Alô, SSAP!
Combinámos partilhar memórias. Falar delas, talvez escrevê-las. (Estão lembrados?)
O nosso reencontro vem aí, muito em breve...
Pensei nisso. Lembrei-me de como a minha mãe me ajudou a gostar de ler...
Uma memória de gratidão.
Aqui vai!
Oiço muito boa gente falar de
histórias que lhes contavam na infância, de poemas que aprenderam a recitar e que
sabem de cor. De grandes bibliotecas que havia lá em casa e de pais leitores.
De livros proibidos, alguns fechados à chave, que aguçavam o prazer de ler.
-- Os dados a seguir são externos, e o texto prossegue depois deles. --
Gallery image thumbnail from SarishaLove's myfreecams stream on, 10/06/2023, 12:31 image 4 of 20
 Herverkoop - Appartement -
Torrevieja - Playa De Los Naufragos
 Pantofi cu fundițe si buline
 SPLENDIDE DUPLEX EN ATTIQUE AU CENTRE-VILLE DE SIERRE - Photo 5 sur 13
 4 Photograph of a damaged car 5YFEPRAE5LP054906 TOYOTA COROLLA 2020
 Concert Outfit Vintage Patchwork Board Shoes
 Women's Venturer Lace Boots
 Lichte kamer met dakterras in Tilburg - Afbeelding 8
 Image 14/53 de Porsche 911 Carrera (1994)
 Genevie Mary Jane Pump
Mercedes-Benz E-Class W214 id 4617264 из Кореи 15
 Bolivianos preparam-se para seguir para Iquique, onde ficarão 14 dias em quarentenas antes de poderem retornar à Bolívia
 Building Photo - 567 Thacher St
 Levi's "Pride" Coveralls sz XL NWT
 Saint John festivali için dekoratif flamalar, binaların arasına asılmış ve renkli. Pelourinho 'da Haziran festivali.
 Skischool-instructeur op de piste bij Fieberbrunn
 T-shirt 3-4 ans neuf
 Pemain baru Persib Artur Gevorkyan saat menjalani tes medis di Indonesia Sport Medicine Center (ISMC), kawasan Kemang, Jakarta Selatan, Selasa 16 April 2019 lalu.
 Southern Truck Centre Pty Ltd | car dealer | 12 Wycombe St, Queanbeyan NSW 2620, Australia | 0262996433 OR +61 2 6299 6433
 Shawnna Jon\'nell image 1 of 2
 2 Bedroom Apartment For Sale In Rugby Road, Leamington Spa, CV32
De como
isso contribuiu para o seu gosto pela literatura.
Posso estar a ser injusta, mas
creio que não tive essa sorte. Na verdade, não conservo sequer a memória de escutar
histórias ao deitar. Tal não me surpreende: a minha mãe sempre pôs em primeiro
lugar ter a casa num brinquinho, não deixar
nada à espera do dia seguinte, despachar-se para finalmente repousar, gemendo
de cansaço até dar por findas as tarefas de cada dia.
Esta mãe, professora que o marido
não quis que trabalhasse “fora de casa”, exercendo a sua profissão, tornou-se
doméstica exímia. Não deixou, contudo, de ser uma grande promotora de leitura.
Era escasso o plafond financeiro, oh se era!, mas
comprava-me livros, quando eu pedia e ela podia. Não arranjava tempo para os
ler comigo, realmente não, mas dispunha-se a ouvi-los; ela lidando e eu lendo.
Lembro-me de, por norma, eu o fazer sentada na mesa da cozinha. Ou então na
varanda. De ler com prazer, acreditando dar-lhe esse mesmo prazer, enquanto cozinhava ou cosia. Provava-me
estar atenta. Pelo meio, dava-me um sinónimo, respondia-me a alguma dúvida,
rematava a leitura com um provérbio…: Querer
é poder. Devagar se vai ao longe. Mais vale um
pássaro na mão do que dois a voar. Quem ri por último, ri melhor.
A estrutura de uma carta e de um
envelope, também as apreendi com a sua ajuda. Era escrita regular para família
que vivia a duas semanas de viagem de navio a vapor, isto é, além-mar, a milhas
de distância… Começava-se pelo rascunho - que era depois corrigido e passado a
limpo. E a seguir passado a limpo tantas vezes quantas as necessárias, até
ficar sem erros de ortografia nem rasuras, e sem apresentar nenhum dos temíveis
borrões da caneta de aparo ou da de tinta permanente que eram usadas nesse
tempo. Tudo a ser reescrito cada vez com maior sacrifício e com mais ralhetes
pelo meio. Até vir o suspiro libertador: “Enganaste-te outra vez aqui…, mas pronto,
fica assim!”… (Ainda oiço esse suspiro.)
Era professora, daquele tempo, pois.
(Já disse, não é verdade?...)
Ora a minha mãe, com a sua
formação e recursos, a seu modo, foi a minha mediadora de leitura e escrita. Conservo
esta paixão.
Sempre é verdade que todos os caminhos vão dar a Roma.